On the non-submodularity of the problem of adding links to minimize the effective graph resistance

TL;DR

This paper investigates the problem of adding links to a network to minimize effective graph resistance, demonstrating that the problem is not submodular and that greedy algorithms lack guaranteed solution quality, even for small graphs.

Contribution

It provides a counterexample showing the non-submodularity of the problem and analyzes the limitations of greedy algorithms in this context.

Findings

Submodularity ratio approaches zero in certain graph families.

Greedy algorithm solutions can be significantly worse than optimal.

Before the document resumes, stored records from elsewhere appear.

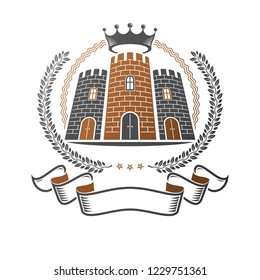Ancient Castle emblem. Heraldic Coat of Arms decorative logo isolated vector illustration. Ornate logotype in old style on white background.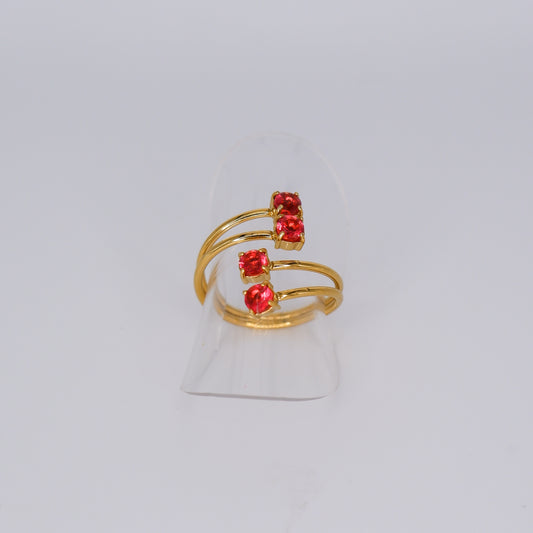 Anel Ajustável Quadro Brilhantes Rosa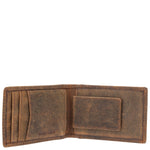 Billetera Cuero Hombre Hu Clip Café Rockford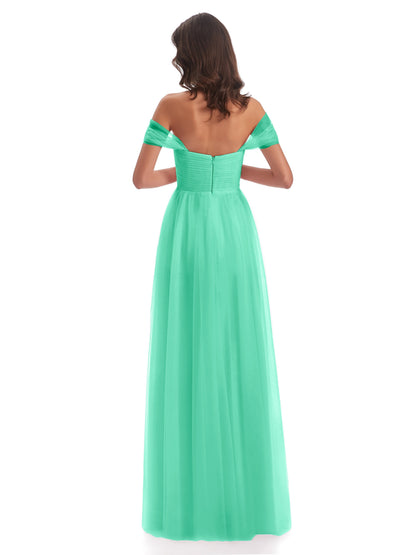 Evelyn Off The Shoulder Tulle Long Bridesmaid Dresses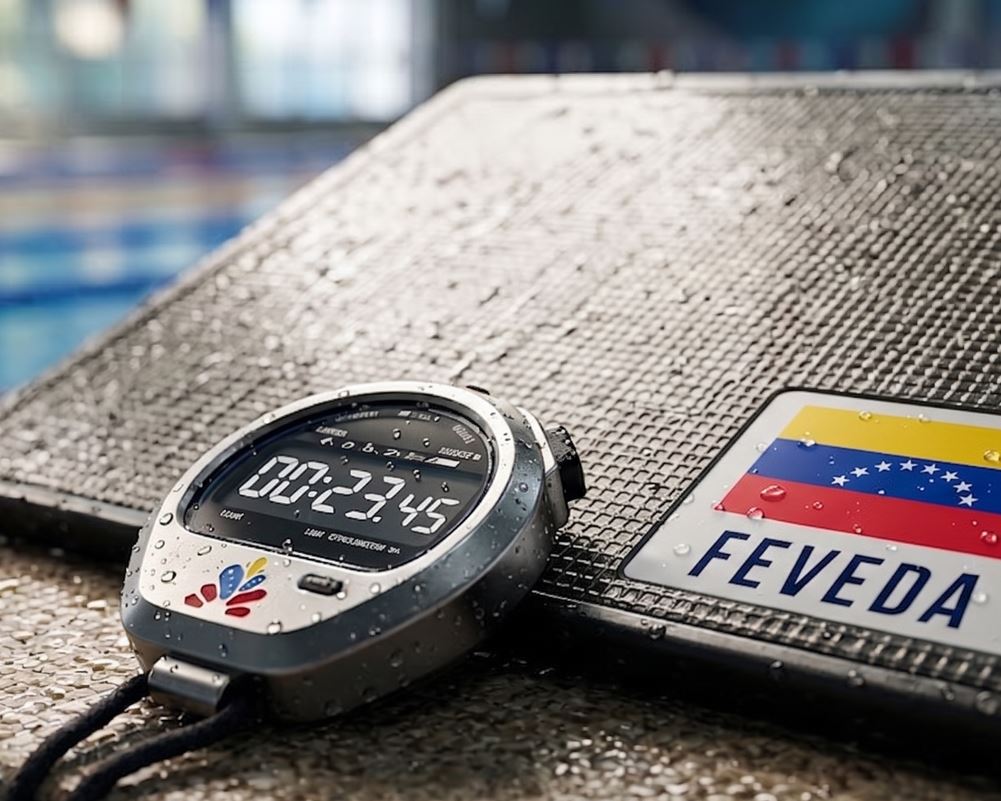 Cronómetro digital sobre un bloque de salida en una piscina olímpica, representando las marcas mínimas de clasificación para el ranking nacional de natación FEVEDA 2026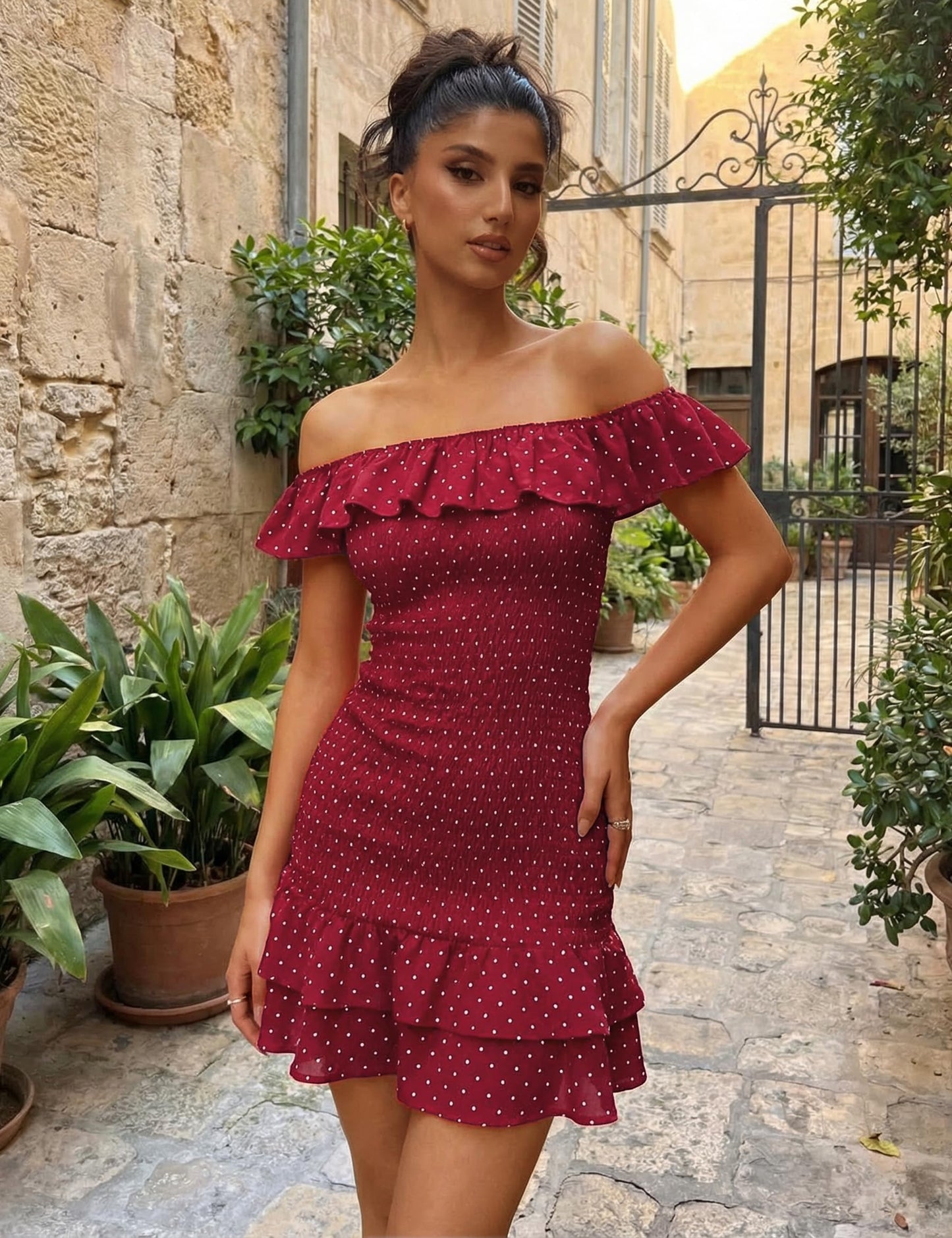 FOMELY Women's Polka Dot Off Shoulder Mini Dress Summer Ruffle Hem Smocked Bodycon Vacation Short Dresses 2026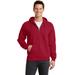 Port & Company PC78ZH Core Fleece Full-Zip Hooded Sweatshirt in Red size 3XL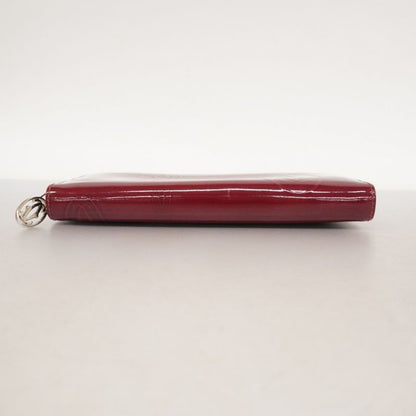 Cartier Long Wallet Happy Birthday Enamel Bordeaux Silver Hardware Women's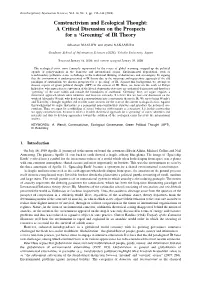 Constructivism and Ecological Thought: a Critical Discussion on the Prospects for a ‘Greening’ of IR Theory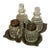Vintage 4-Piece Glass and Metal Condiment Cruet Set - 5 pcs For Sale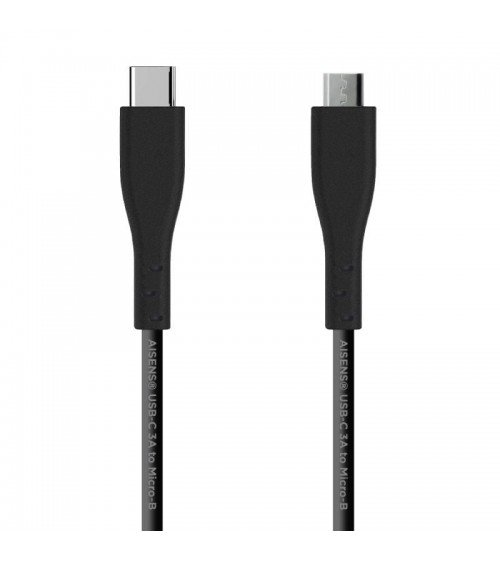 Cable usb 2.0 aisens a107-0349/ usb tipo-c macho - microusb macho/ hasta 15w/ 60mbps/ 1m/ negro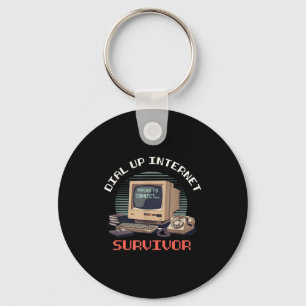 Dial Up Internet Survivor Funny Retro Computer Lov Key Ring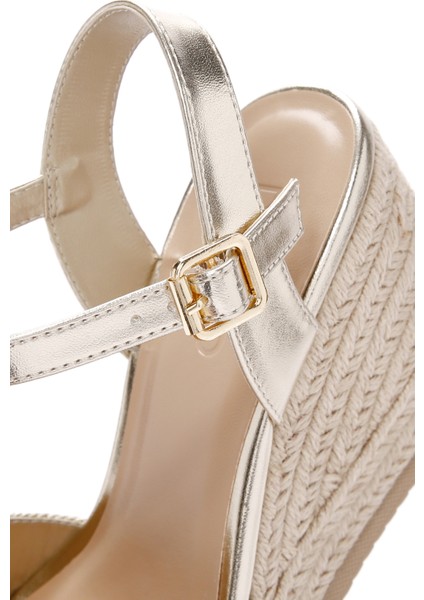 Kadın Altın Bilekten Bantlı Metalik Dolgu Topuklu Espadril 25SFE480632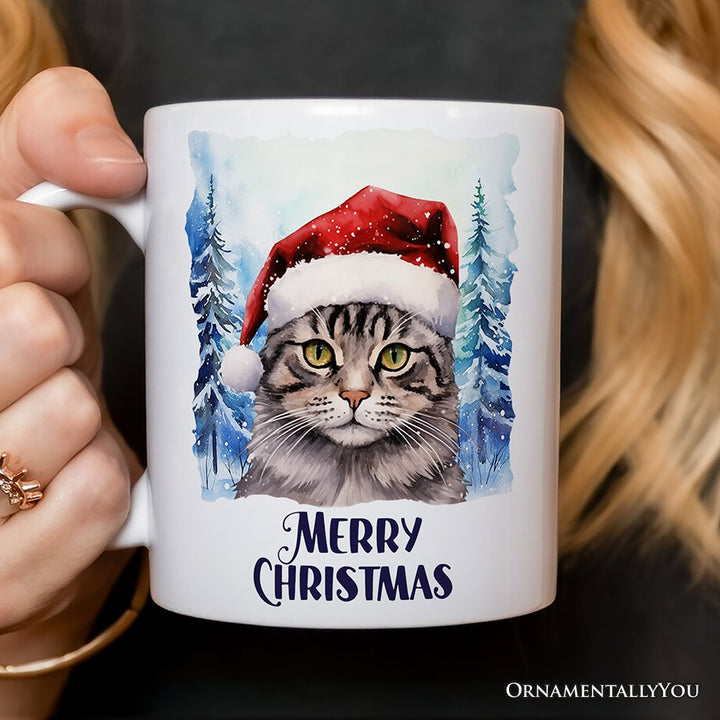 Tabby Cat with Santa Hat Personalized Mug, Winter Forest Christmas Gift With Custom Name and Date Personalized Ceramic Mug OrnamentallyYou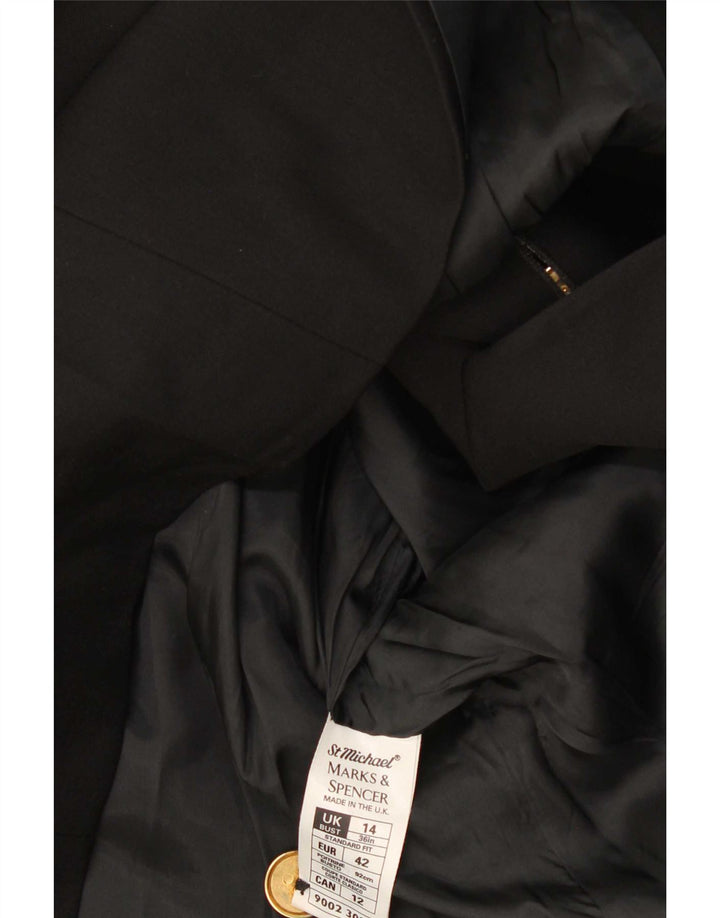Marks & Spencer Womens Double Breasted Blazer Jacket Size 14 Black New Wool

Even small graphs can exhibit a solution ratio as low as 0.878.

Abstract

We consider the optimisation problem of adding $k$ links to a given network, such that the resulting effective graph resistance is as small as possible. The problem was recently proven to be NP-hard, such that optimal solutions obtained with brute-force methods require exponentially many computation steps and thus are infeasible for any graph of realistic size. Therefore, it is common in such cases to use a simple greedy algorithm to obtain an approximation of the optimal solution. It is known that if the considered problem is submodular, the quality of the greedy solution can be guaranteed. However, it is known that the optimisation problem we are facing, is not submodular. For such cases one can use the notion of generalized submodularity, which is captured by the submodularity ratio $\gamma$. A performance bound, which is a function of $\gamma$, also exists in case of generalized submodularity. In this paper we give an example of a family of graphs where the submodularity ratio approaches zero, implying that the solution quality of the greedy algorithm cannot be guaranteed. Furthermore, we show that the greedy algorithm does not always yield the optimal solution and demonstrate that even for a small graph with 10 nodes, the ratio between the optimal and the greedy solution can be as small as 0.878.